Aggiugnevasi che un certo frate incarcerato a Mantova avea confessato avere
trattato co' Bentivogli di avvelenare il pontefice, e che per parte di Ciamonte
era stato confortato a fare quanto avea promesso a' Bentivogli; onde il
pontefice, ridotta in forma autentica la esamina, mandò con essa al re Achille
de' Grassi bolognese, vescovo di Pesero che fu poi cardinale, a fare instanza
che si ritrovasse la verità e si punissino quegli che erano in colpa di tanta
sceleratezza: della qual cosa essendo sospetto più che gli altri Alessandro
Bentivogli, fu per commissione del re citato in Francia.
Con queste
azioni e incertitudini si finì l'anno mille cinquecento sette.

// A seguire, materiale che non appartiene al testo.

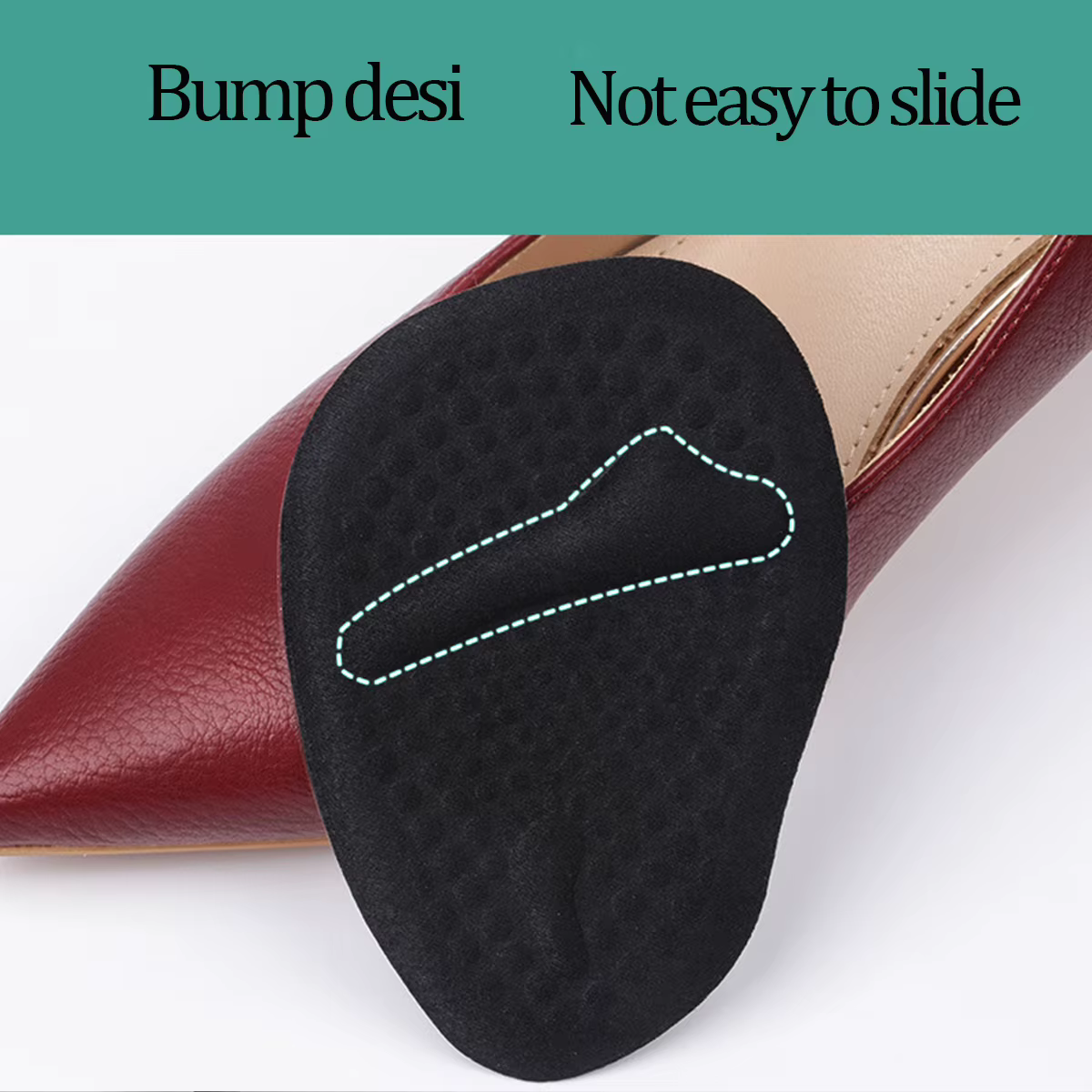 Coussinets métatarsiens en gel pour femme – Coussins auto-adhésifs pour l'avant-pied pour talons hauts et sandales | Semelles intérieures antidérapantes pour soulager la douleur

Ma nel principio
dell'anno mille cinquecento otto, non potendo quietarsi gli ingegni mobili de'
bolognesi, Annibale ed Ermes Bentivogli, avendo intelligenza con certi giovani
de' Peppoli e altri nobili della gioventù, si accostorono allo improviso a
Bologna; il quale movimento non fu senza pericolo perché i congiurati avevano
già, per mettergli dentro, occupato la porta di san Mammolo: ma essendosi il
popolo messo in arme in favore dello stato ecclesiastico, i giovani spaventati
abbandonorono la porta, e i Bentivogli si ritirorno. Il quale insulto mitigò
più tosto che accendesse l'animo del pontefice contro al re di Francia; perché
il re, dimostrando essergli molestissimo questo insulto, comandò a Ciamonte che
qualunque volta fusse di bisogno soccorresse con tutte le genti d'arme alle
cose di Bologna, né permettesse che i Bentivogli fussino più ricettati in parte
alcuna del ducato di Milano. De' quali era in quegli dì morto Giovanni per
dolore di animo, non assueto, innanzi fusse cacciato di Bologna, a sentire
l'acerbità della fortuna, essendo stato prima, lungo tempo, felicissimo di
tutti i tiranni d'Italia ed esempio di prospera fortuna; perché in spazio di
quaranta anni ne' quali dominò ad arbitrio suo Bologna (nel qual tempo, non che
altro, non sentì mai morte di alcuno de' suoi) aveva sempre avuto, per sé e per
i figliuoli, condotte provisioni e grandissimi onori da tutti i prìncipi
d'Italia, e liberatosi sempre con grandissima facilità da tutte le cose che se
gli erano dimostrate pericolose: della quale felicità pareva che principalmente
fusse debitore alla fortuna, oltre alla opportunità del sito di quella città,
perché secondo il giudicio comune non gli era attribuita laude né di ingegno né
di prudenza né di valore eccellente.